Once the line holding "Tea cup and" is found in the listing below, write it out and each later line exactly, up to and including the one holding "Retro Tupac Cassette".

======== Excerpted records

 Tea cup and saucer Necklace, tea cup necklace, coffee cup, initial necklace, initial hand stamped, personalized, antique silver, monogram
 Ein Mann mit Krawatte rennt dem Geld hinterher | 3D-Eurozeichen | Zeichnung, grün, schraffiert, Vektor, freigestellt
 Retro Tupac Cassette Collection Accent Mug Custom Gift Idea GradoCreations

================
======== Excerpted records

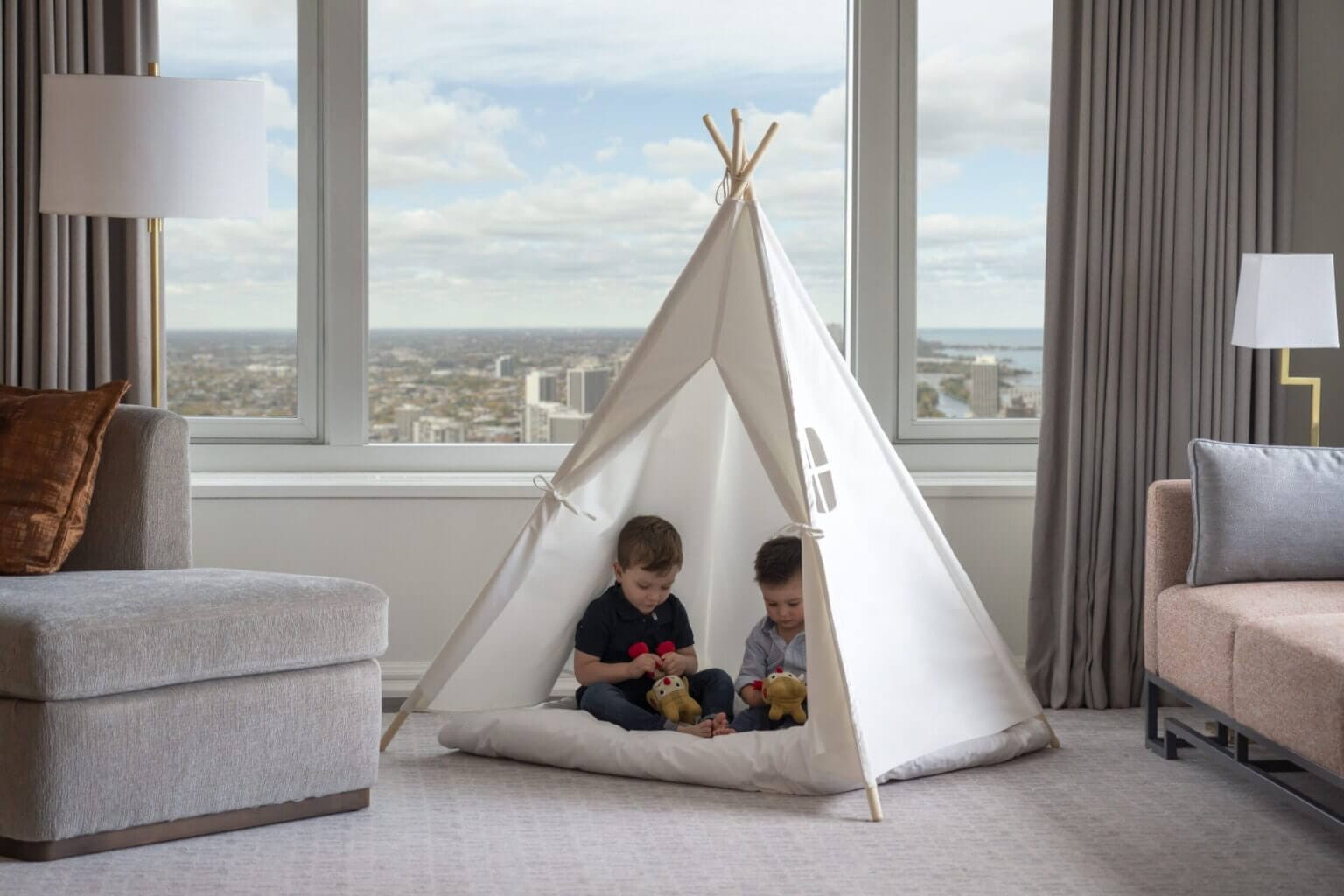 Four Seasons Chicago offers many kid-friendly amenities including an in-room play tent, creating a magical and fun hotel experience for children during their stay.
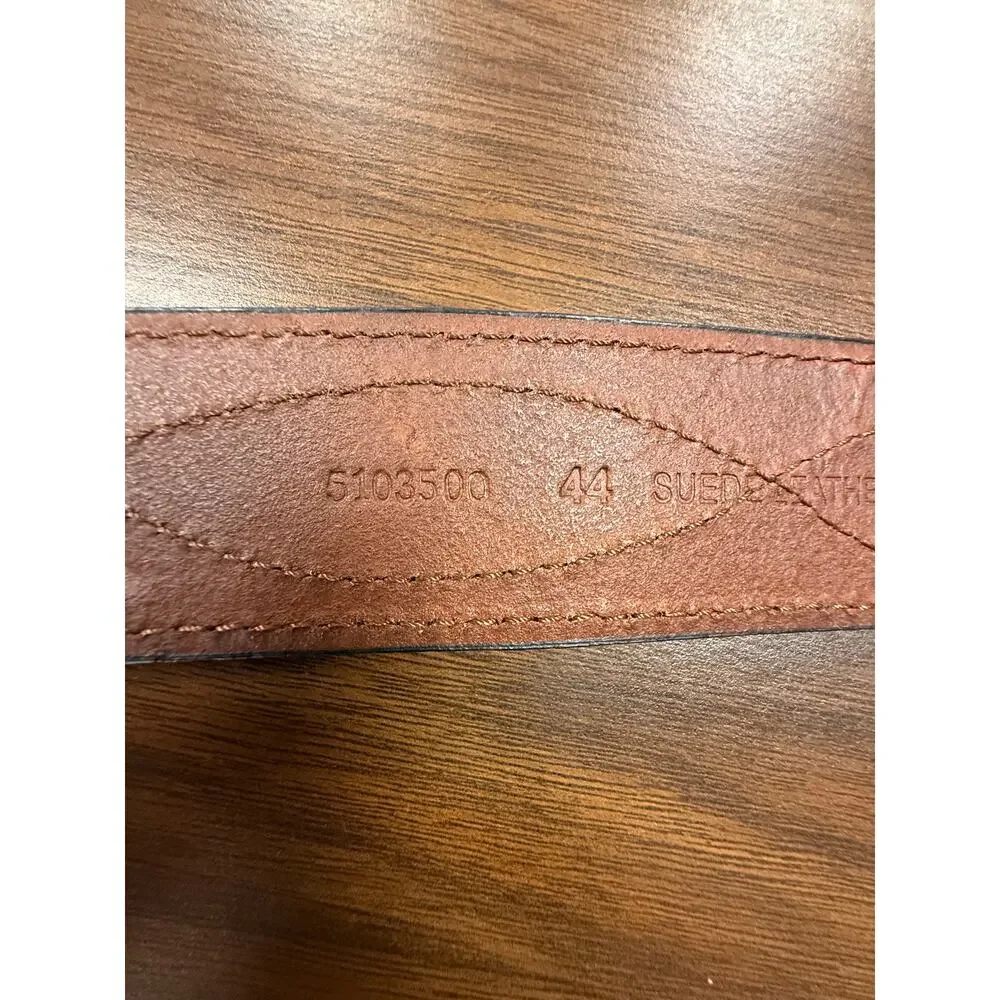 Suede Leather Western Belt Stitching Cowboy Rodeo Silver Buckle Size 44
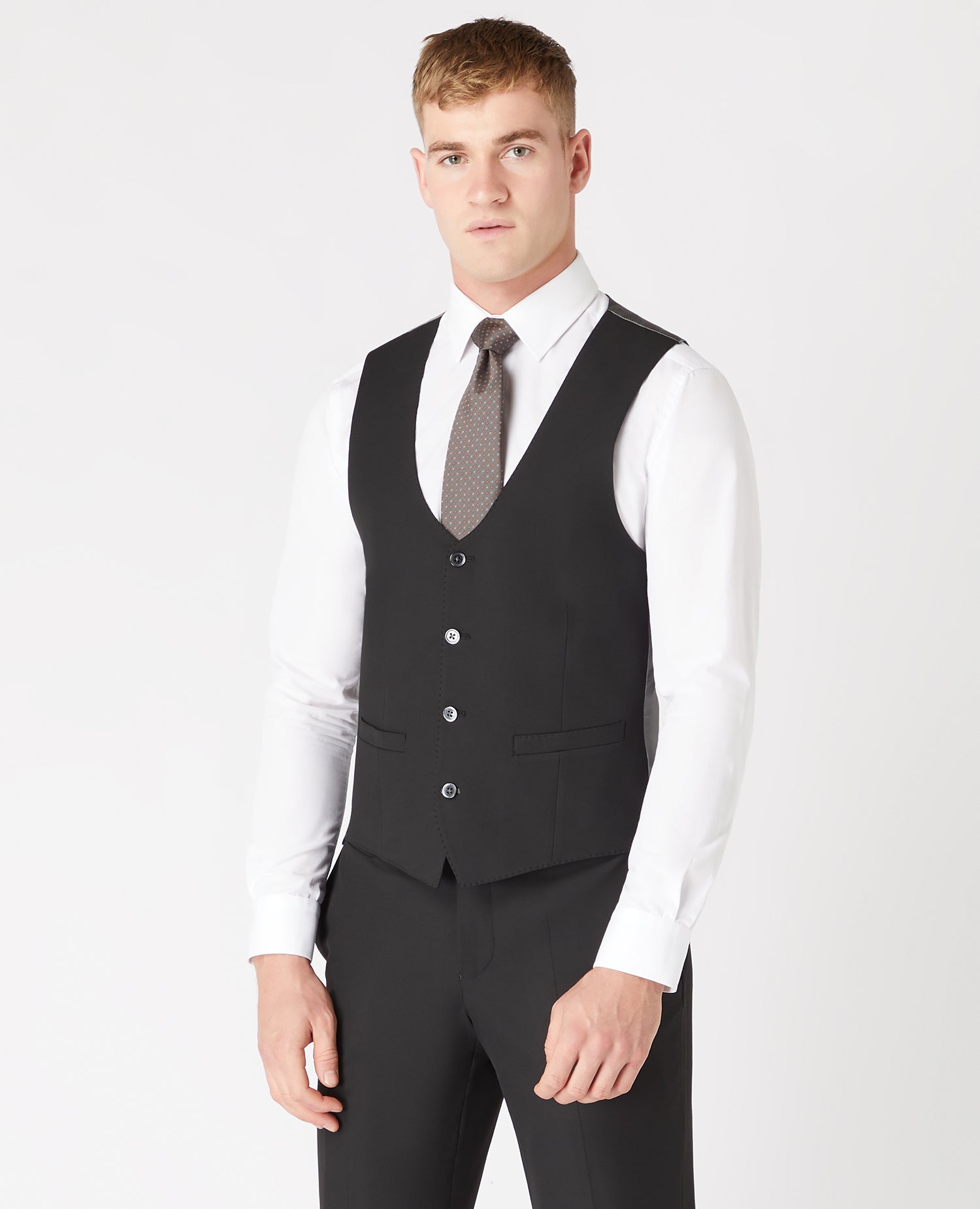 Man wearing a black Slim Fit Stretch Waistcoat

================

_Completed exercise_:
 Tea cup and saucer Necklace, tea cup necklace, coffee cup, initial necklace, initial hand stamped, personalized, antique silver, monogram
 Ein Mann mit Krawatte rennt dem Geld hinterher | 3D-Eurozeichen | Zeichnung, grün, schraffiert, Vektor, freigestellt
 Retro Tupac Cassette Collection Accent Mug Custom Gift Idea GradoCreations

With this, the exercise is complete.